Physiography and Drainage
The Rattlesnake watershed is located in two physiographic regions. The upper ~85% of the watershed is located in the Arkansas River lowlands (Great Bend region); it is a relatively flat alluvial plain characterized by sand-dune topography with moderate slopes and small hills separated by small basins (Latta, 1950). The lower 15% of the watershed belongs to the High Plains region, which also is a comparatively flat alluvial plain dissected by intermittent streams and exhibiting shallow depressions and gentle swells. Much of the sand-dune area of the watershed is covered by vegetation, and a large part of it is farmed; the watershed is primarily agricultural.
Of the approximately 1,455 mi2 (3,768 km2) contained in the Rattlesnake Creek watershed, approximately 780 mi2 (2,028 km2) are not contributing to surface runoff (fig. 4). The Rattlesnake watershed boundary was constructed based on the highest regional-topographic relief estimated from 7 1/2-min U.S. Geological Survey quadrangle maps which cover the watershed, in combination with Kansas State Highway Commission general highway maps of counties depicting surface-drainage features.
Figure 4--Surface-drainage map and weather stations of Rattlesnake watershed.
The watershed is drained by Rattlesnake Creek, which is a meandering stream flowing from the High Plains area northeasterly into the Great Bend lowlands area where it empties into the Arkansas River (fig. 4). The creek originates in three tributary forks located in southeastern Ford and northwest and north-central Kiowa counties. The three forks join in north-central Kiowa County to form the main stream of the creek; it then flows through the remainder of Kiowa County, through Edwards County, across extreme northwest Pratt County, through Stafford County, and into the southwestern comer of Rice County where it empties into the Arkansas River, approximately 6 mi (10 km) southeast of Raymond, Kansas. The channel slopes about 33 ft/mi (6.3 m/km) for the first 6 mi (10 km) from its source in the southeast corner of Ford County; then it flattens to a slope of about 7 ft/mi (1.3 m/km) up to St. John, and 4 ft/mi (0.8 m/km) below St. John, as can be inferred from the surface-topography map in fig. 5.
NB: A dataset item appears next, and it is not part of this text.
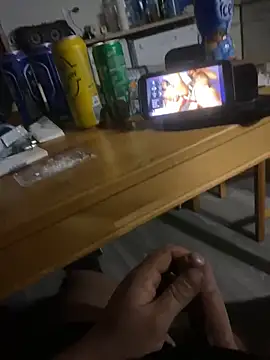 Snapshot of Playing_one chatting on November 22, 11:14 pm Playing one online show from November 22, 11:14 pm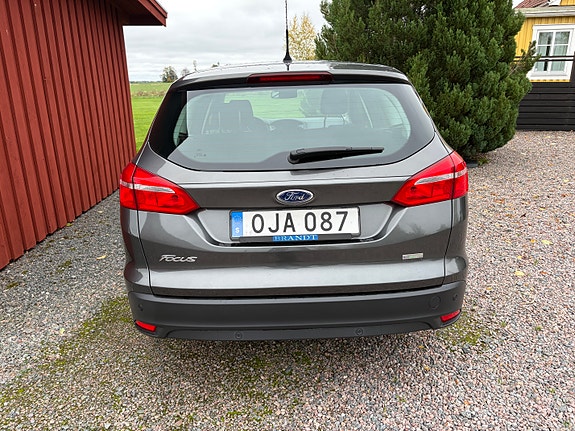 Ford Focus 4 of 9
Figure 5--Surface topography of Rattlesnake watershed.
Wetlands contributing to the creek consist of some 60,200 acres (24,360 ha) (Ray and Coslett, 1972), most of which have high water tables, excessive mineral concentrations, and drainage problems. A portion of these wetlands are located in northeastern Stafford County and are contained within the boundaries of the Quivira National Wildlife Refuge, which is a major migratory waterfowl refuge in the central flyway. This refuge encloses approximately 33 mi2 (85 km2) of which the highly saline Big Salt Marsh comprises approximately 16 mi2 (41 km2). These marshes, which are located on the water table, are broad shallow expanses of water, heavily vegetated around the shoreline with a variety of prairie grasses. Rattlesnake Creek usually is a perennial stream from a point a few miles downstream from St. John to where it turns north near Little Salt Marsh; elsewhere it is intermittent. The valley of Rattlesnake Creek ranges from less than 0.5 mi (0.8 km) to about 2 mi (3.2 km) in width. Average flow of the Rattlesnake Creek at its mouth is about 24 cfs (0.68 m3/sec).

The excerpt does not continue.